WTP, Bengkulu Juara 4 Terkorup?

Suhanderi

Bangga dan prihatin. Provinsi Bengkulu dan beberapa Kabupaten/Kota kembali menoreh prestasi. Mendapat penghargaan predikat Wajar Tanpa Pengecualian (WTP) dari BPK. Namun waktu bersamaan, Bengkulu juga mencatatkan diri dan dinobatkan sebagai daerah terkorup nomor 4 di Pulau Sumatera atau masuk 10 besar secara Nasional.

Bengkulu menyumbang 22 kasus di KPK selama periode 2014-2019. Kondisi ini menimbulkan pertanyaan. Predikat WTP, namun dilabeli sebagai daerah korup, kok bisa?

Sebetulnya ada pandangan atau anggapan yang harus diluruskan. Mendapat WTP berarti bebas dari korupsi. Ini keliru. WTP bukanlah garansi suatu daerah bisa bebas dari jerat korupsi. Mirisnya, hululisasi pandangan ini justru datang dari pemegang kendali kebijakan. Banyak Gubernur/Bupati/Walikota mengartikan opini WTP sebagai satu-satunya tolak ukur menyatakan daerahnya bebas dari korupsi. Sehingga tidak jarang dalam debat Pilkada, opini WTP menjadi dagangan yang cukup laris manis, diobral ke konstituen.

Benar bahwa  opini WTP adalah pemberian penghargaan tertinggi atas penyajian atau kesesuaian Laporan Keuangan Pemerintah Pusat (LKPP) dan Laporan Keuangan Pemerintah Daerah (LKPD) terhadap Standar Akuntansi Pemerintah (SAP).  Namun mengklaim opini WTP sebagai jaminan tidak ada korupsi atau bebas dari korupsi adalah pandangan yang keliru. Karena pemberian opini yang diberikan BPK dasar pertimbangannya adalah "kewajaran" penyajian Laporan Keuangan (LKPP/LKPD) sesuai Standar Akuntansi Pemerintah (SAP). Kewajaran yang dimaksud adalah kebenaran atas suatu transaksi, bukan mendasar kepada apakah pada entitas tertentu terindikasi/terdapat korupsi atau tidak.

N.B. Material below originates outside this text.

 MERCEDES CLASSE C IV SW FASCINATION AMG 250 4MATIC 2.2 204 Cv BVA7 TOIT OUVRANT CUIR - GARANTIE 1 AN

Regulasi menggariskan,  yang mempunyai kewenangan dalam pemeriksaan pengelolaan dan tanggung jawab keuangan negara adalah BPK. Ada tiga jenis pemeriksaan yang dilakukan BPK, yakni pemeriksaan keuangan, pemeriksaan kinerja, dan pemeriksaan dengan tujuan tertentu sebagaimana tertuang dalam Undang-Undang Nomor 15 Tahun 2006 tentang BPK, Pasal 6 ayat (1) dan (3).

Pemeriksaan Keuangan merupakan pemeriksaan untuk memberikan opini apakah laporan keuangan wajar sesuai Standar Akuntansi Pemerintah atau tidak. Dalam pemeriksaan keuangan inilah BPK dapat memberikan opini berupa Wajar Tanpa Pengecualian (WTP), Wajar Dengan Pengecualian (WDP), Tidak Memberikan Pendapat (TMP) dan Tidak Wajar (TW) terhadap Kementerian/Lembaga Negara/ Pemda. Sementara Pemeriksaan Kinerja merupakan pemeriksaan untuk menilai apakah pelaksanaan suatu program sudah berjalan secara efeketif, efesien dan ekonomis. 

Sedangkan, Pemeriksaan dengan Tujuan Tertentu merupakan pemeriksaan selain dua jenis tersebut, termasuk disini adalah pemeriksaan investigatif untuk mengungkap adanya korupsi atau kecurangan (fraud), pemeriksaan lingkungan, pemeriksaan atas pengendalian intern, dan lain-lain. 

Jadi jelas, dari ketiga jenis dan tingkat  pemeriksaan ini, Pemeriksaan Keuangan yang memberikan opini atas laporan keuangan (WTP, WDP, TMP, TW),  tidaklah sampai menyasar pada tindakan korupsi atau tidak. Melainkan hanya sebatas kewajaran laporan keuangan dengan Standar Akuntansi Pemerintah. 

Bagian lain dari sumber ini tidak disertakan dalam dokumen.